= Action item =
Print the lines below from the line with "Sapatos pretos nº37" to the line with "林昀儒（左）、鄭怡靜（右）贏得東京奧運桌球混雙銅牌。（季志翔攝）" exactly, keeping both ends, and print no pictures.

-- Data for analysis follows --

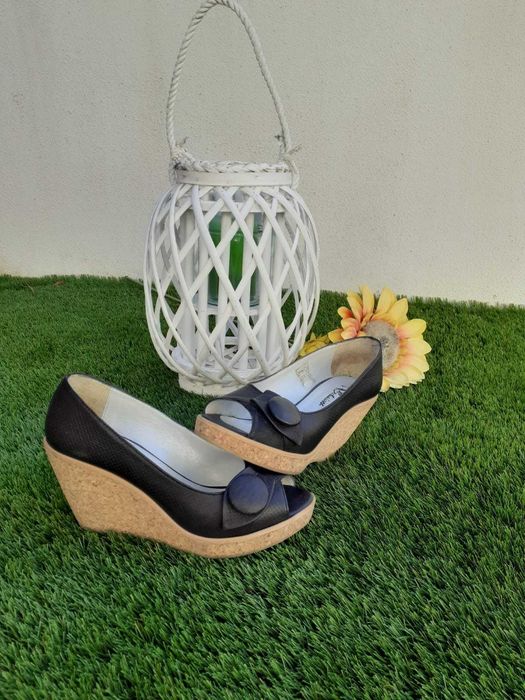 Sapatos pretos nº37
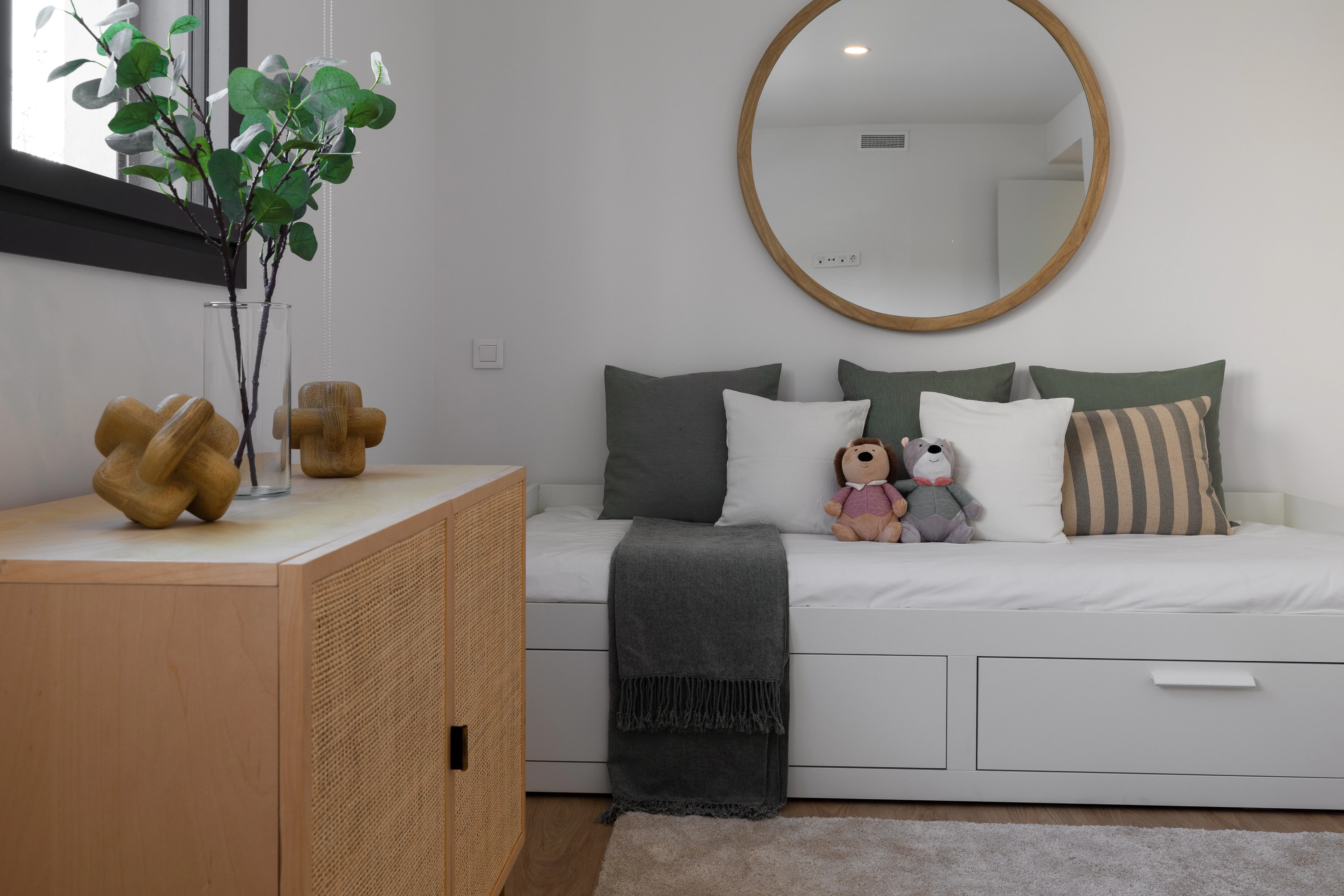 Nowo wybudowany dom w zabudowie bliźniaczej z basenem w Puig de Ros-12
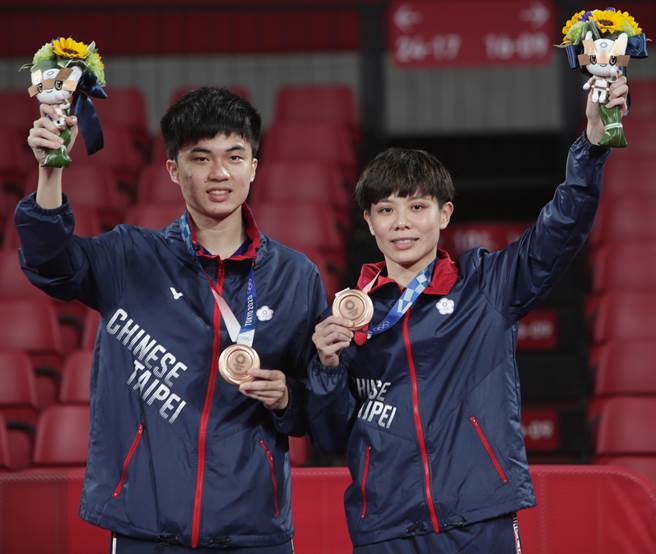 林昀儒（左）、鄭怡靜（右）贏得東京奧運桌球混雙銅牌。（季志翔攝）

-- Data for analysis concluded --
-- Data for analysis follows --

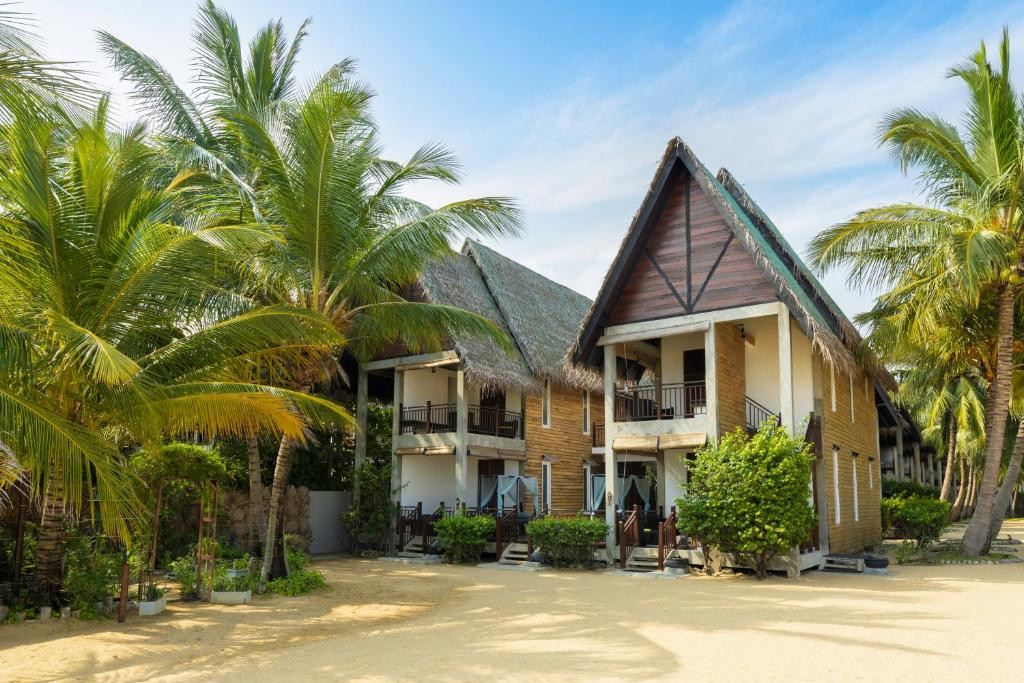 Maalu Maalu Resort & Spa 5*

-- Data for analysis concluded --

= Solution =
 Sapatos pretos nº37
 Nowo wybudowany dom w zabudowie bliźniaczej z basenem w Puig de Ros-12
 林昀儒（左）、鄭怡靜（右）贏得東京奧運桌球混雙銅牌。（季志翔攝）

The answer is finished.